The Internet has become a basic utility for humans. These days, almost everyone is connected to the internet. Today, social media has become an integral part of our modern human life that we cannot do without. It defines our daily rhythm, offering unparalleled opportunities for connection, education, trade, social change and mobilization. However, it has the potential to create a channel for misinformation, panic, and chaos. The People of Gabon woke up on Wednesday, 18th February, 2026, reached for their phones, and realised their social platforms were gone. No timelines, No updates, No instant reactions. Just a digital blackout justified by the government's reason to control the rapid spread of false information.
The government's decision to suspend social media platforms reflects a growing concern about the power of online platforms to shape public discourse and influence national security.
Now this is what happened
On the morning of February 18, 2026, the digital pulse of Gabon flatlined. For a nation of 2.5 million people and users, the "refresh" button didn't work. The High Authority for Communication (HAC) had issued a televised decree: social media was suspended "until further notice". This wasn't a technical glitch; it was a deliberate choice to pull the plug on the nation's most active public square.
The official reason was a "flood" of inappropriate content.

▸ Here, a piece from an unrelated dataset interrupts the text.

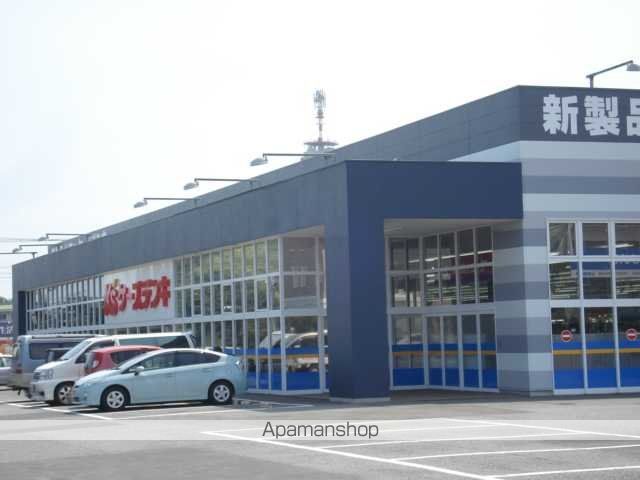 その他　ケーズデンキつくば本店（その他）まで454m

Authorities cited a dangerous rise in:
- Hate Speech & Defamation: Content allegedly undermining human dignity and social cohesion.
- Misinformation: The spread of false narratives that the government claims threaten the stability of state institutions.
- Cyberbullying: Unauthorized disclosure of personal data that was stoking real-world conflict.
Digital Censoring?
Gabon's Social Media Shutdown Raises Questions. Was it a coincidence, or is it part of a growing trend? And why now, when social media has become an integral part of our lives?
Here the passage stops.